What to work on
Start at the line below containing "POLO RALPH LAUREN sneaker WHITE / BLACK" and stop at the line containing "Item preview, Good". Repeat every line of that stretch exactly, and nothing outside it.

The data
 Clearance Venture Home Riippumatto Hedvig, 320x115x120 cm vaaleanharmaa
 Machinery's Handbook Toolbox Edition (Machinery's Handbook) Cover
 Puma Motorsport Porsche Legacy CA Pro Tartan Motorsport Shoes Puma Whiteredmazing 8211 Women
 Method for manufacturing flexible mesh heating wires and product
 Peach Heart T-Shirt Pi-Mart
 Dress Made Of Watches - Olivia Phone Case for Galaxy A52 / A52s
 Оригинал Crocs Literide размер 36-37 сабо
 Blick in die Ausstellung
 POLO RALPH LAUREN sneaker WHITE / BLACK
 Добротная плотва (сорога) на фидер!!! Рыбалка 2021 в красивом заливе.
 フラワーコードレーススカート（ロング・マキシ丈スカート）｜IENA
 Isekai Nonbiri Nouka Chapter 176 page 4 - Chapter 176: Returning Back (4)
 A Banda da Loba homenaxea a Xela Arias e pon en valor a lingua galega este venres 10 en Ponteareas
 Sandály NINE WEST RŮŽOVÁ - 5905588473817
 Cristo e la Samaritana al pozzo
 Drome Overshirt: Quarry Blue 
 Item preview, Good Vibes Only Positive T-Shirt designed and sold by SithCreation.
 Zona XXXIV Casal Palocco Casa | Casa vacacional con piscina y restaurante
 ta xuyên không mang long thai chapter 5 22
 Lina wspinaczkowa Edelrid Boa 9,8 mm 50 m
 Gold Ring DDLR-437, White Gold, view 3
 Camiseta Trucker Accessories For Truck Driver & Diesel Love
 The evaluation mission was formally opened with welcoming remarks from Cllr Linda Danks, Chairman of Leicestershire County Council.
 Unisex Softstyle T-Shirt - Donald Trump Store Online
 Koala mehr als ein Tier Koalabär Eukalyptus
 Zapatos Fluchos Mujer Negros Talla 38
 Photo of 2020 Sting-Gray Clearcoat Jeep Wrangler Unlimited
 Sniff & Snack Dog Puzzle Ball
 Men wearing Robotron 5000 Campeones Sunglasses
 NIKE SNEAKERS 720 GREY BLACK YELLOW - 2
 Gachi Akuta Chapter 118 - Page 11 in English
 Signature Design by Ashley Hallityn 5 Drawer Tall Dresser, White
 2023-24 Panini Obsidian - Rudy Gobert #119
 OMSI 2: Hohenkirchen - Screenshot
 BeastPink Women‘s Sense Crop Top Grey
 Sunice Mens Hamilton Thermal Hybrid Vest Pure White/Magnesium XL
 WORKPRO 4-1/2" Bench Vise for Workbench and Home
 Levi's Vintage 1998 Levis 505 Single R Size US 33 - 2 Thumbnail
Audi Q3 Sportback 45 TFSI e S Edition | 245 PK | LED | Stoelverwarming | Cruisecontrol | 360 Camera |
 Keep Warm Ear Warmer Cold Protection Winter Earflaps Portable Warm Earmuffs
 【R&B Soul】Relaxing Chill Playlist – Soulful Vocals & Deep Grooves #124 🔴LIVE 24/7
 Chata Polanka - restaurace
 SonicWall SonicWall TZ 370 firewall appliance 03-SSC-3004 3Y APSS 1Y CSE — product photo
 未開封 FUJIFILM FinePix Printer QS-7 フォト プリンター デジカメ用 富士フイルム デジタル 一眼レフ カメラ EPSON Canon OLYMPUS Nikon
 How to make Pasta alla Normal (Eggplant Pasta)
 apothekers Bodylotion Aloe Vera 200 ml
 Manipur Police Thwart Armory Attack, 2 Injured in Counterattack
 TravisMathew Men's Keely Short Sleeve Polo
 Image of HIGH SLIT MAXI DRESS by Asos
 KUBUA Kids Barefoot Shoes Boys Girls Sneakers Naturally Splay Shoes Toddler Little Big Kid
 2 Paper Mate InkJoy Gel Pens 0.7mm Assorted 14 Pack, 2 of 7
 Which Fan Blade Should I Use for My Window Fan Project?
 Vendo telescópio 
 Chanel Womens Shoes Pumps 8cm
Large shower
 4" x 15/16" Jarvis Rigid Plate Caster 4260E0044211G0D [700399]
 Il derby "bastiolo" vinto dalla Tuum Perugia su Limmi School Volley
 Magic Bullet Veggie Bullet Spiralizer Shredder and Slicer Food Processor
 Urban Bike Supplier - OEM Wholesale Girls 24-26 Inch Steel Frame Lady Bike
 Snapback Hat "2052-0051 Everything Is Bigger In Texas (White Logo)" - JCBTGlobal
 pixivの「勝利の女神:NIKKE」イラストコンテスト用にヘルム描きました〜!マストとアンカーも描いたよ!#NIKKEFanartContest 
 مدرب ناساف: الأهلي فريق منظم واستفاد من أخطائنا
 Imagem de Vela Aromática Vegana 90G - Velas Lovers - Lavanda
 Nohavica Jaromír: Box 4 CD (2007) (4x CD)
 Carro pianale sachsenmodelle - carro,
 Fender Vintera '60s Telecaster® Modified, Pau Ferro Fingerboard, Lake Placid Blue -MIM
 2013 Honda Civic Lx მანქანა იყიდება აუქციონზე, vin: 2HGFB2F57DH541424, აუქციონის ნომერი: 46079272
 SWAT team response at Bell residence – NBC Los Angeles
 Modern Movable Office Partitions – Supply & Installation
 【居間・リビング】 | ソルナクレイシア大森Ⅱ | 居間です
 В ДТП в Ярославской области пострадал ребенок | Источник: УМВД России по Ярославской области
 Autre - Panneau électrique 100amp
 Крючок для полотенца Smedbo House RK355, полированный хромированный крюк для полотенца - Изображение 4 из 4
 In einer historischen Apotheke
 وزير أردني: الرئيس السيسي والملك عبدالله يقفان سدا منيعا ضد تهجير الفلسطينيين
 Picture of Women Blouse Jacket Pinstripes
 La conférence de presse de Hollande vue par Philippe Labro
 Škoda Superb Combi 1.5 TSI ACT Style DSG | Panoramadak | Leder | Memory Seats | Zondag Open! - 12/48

Output of the exercise
 POLO RALPH LAUREN sneaker WHITE / BLACK
 Добротная плотва (сорога) на фидер!!! Рыбалка 2021 в красивом заливе.
 フラワーコードレーススカート（ロング・マキシ丈スカート）｜IENA
 Isekai Nonbiri Nouka Chapter 176 page 4 - Chapter 176: Returning Back (4)
 A Banda da Loba homenaxea a Xela Arias e pon en valor a lingua galega este venres 10 en Ponteareas
 Sandály NINE WEST RŮŽOVÁ - 5905588473817
 Cristo e la Samaritana al pozzo
 Drome Overshirt: Quarry Blue 
 Item preview, Good Vibes Only Positive T-Shirt designed and sold by SithCreation.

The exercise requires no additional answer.